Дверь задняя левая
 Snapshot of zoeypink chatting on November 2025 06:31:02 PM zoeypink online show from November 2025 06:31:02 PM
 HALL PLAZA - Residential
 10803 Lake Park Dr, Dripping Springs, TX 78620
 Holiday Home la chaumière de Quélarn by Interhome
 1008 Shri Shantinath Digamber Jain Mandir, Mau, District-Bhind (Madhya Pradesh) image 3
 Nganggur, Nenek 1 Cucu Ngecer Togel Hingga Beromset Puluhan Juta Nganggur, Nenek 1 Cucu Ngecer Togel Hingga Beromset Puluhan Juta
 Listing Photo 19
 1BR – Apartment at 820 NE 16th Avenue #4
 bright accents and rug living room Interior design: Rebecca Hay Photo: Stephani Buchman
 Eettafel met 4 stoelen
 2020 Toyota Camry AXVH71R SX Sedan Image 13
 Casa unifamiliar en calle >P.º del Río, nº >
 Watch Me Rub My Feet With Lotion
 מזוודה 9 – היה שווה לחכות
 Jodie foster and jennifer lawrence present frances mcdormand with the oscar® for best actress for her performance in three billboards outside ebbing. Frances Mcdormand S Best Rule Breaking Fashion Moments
·····
Would you set down, word for word, the lines from the opening of the entries above through the line with "1BR – Apartment at 820 NE 16th Avenue #4", both included, and no others?

Дверь задняя левая
 Snapshot of zoeypink chatting on November 2025 06:31:02 PM zoeypink online show from November 2025 06:31:02 PM
 HALL PLAZA - Residential
 10803 Lake Park Dr, Dripping Springs, TX 78620
 Holiday Home la chaumière de Quélarn by Interhome
 1008 Shri Shantinath Digamber Jain Mandir, Mau, District-Bhind (Madhya Pradesh) image 3
 Nganggur, Nenek 1 Cucu Ngecer Togel Hingga Beromset Puluhan Juta Nganggur, Nenek 1 Cucu Ngecer Togel Hingga Beromset Puluhan Juta
 Listing Photo 19
 1BR – Apartment at 820 NE 16th Avenue #4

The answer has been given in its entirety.